Wed Aug 6 11:16:20 PDT 2014

On Wed, Aug 6, 2014 at 5:22 AM, Pohjolainen, Topi
<topi.pohjolainen at intel.com> wrote:
> On Tue, Aug 05, 2014 at 09:14:55PM +0300, Pohjolainen, Topi wrote:
>> On Thu, Jul 24, 2014 at 07:54:12PM -0700, Matt Turner wrote:
>> > ---
>> >  src/mesa/drivers/dri/i965/brw_cfg.h | 8 ++++++++
>> >  1 file changed, 8 insertions(+)
>> >
>> > diff --git a/src/mesa/drivers/dri/i965/brw_cfg.h b/src/mesa/drivers/dri/i965/brw_cfg.h
>> > index a5d2df5..913a1ed 100644
>> > --- a/src/mesa/drivers/dri/i965/brw_cfg.h
>> > +++ b/src/mesa/drivers/dri/i965/brw_cfg.h
>> > @@ -120,6 +120,14 @@ struct cfg_t {
>> >          __inst != __block->end->next;                          \
>> >          __inst = (__type *)__inst->next)
>> >
>> > +#define foreach_inst_in_block_safe(__type, __inst, __block)    \
>> > +   for (__type *__inst = (__type *)__block->start,             \
>> > +               *__next = (__type *)__inst->next,               \
>> > +               *__end = (__type *)__block->end->next->next;    \
>>
>> Patches 4 and 7 make sense but the double ->next->next here is not obvious
>> to me.

Right, yep. exec_list uses head and tail sentinels, so the double-next
handles that.

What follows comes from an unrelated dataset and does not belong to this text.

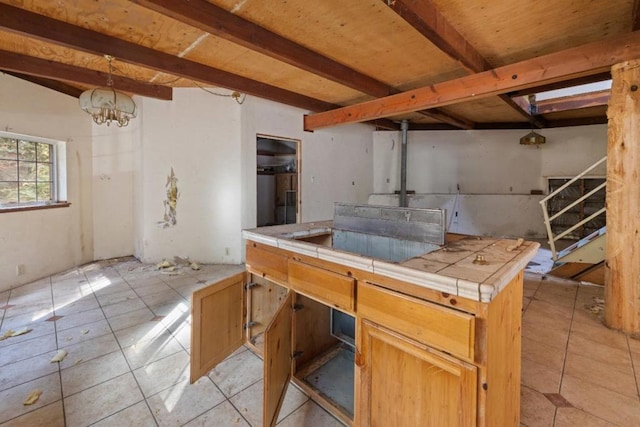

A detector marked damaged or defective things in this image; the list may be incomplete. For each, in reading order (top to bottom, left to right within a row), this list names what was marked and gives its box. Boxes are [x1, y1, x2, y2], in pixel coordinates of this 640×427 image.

damaged wall patch [158, 167, 179, 229]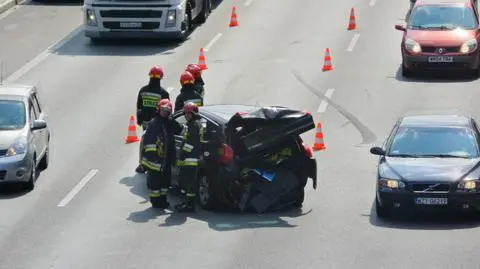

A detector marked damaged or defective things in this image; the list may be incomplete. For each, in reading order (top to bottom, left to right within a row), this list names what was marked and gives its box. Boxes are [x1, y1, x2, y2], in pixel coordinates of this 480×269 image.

overturned car [170, 104, 318, 211]
damaged black car [170, 103, 318, 213]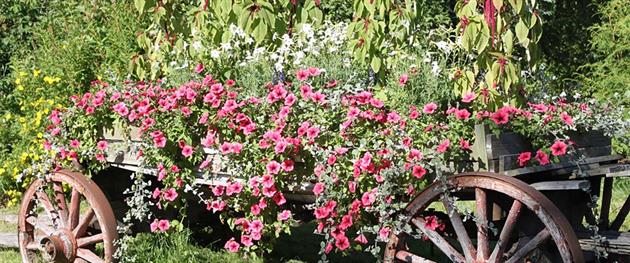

Explained below:

> I tried handwriting instructions into blocks (this is purely arbitrary):
>
> ip    opcode
> ------------------
> 0  :  BRW_OPCODE_?
> ..
> k  :  BRW_OPCODE_IF
> k+1:  BRW_OPCODE_?
> ..
> n  :  BRW_OPCODE_ELSE
> n+1:  BRW_OPCODE_?
> ..
> m  :  BRW_OPCODE_ENDIF
> m+1:  BRW_OPCODE_?
> ..
> t  :  BRW_OPCODE_?
>
>
> Following the logic in the constructor of cfg_t, I would deduce this:
>
> block 0:
>    start_ip = 0
>    num = 0
>    start = inst_0
>    end = inst_k      (if)
>
> block 1:
>    start_ip = k+1
>    num = 1
>    start = inst_k+1
>    end = inst_n      (else)
>
> block 2:
>    start_ip = n+1
>    num = 2
>    start = inst_n+1
>    end = inst_m-1
>
> block 3:
>    start_ip = m
>    num = 3
>    start = inst_m    (endif)
>    end = inst_t
>
>
> And as instructions are inherited from exec_node, for block 3 end->next
> should be NULL, right?

Since exec_list uses head and tail sentinels, so block[3]->end->next
will actually be the tail sentinel (and block[2]->end->next will be
the first instruction of block[3]).

The __end variable prevents us from dereferencing NULL if we remove
the last instruction in a block (and therefore remove the block). Note
that the continuing condition is (__next != __end). For each block, we
want to iterate through the instructions until we hit
block->end->next->next because if the block

 - isn't the last block, end->next->next will be two nodes (I say
node, rather than instruction because of the tail sentinel) after the
end

 - is the last block, end->next->next will be NULL.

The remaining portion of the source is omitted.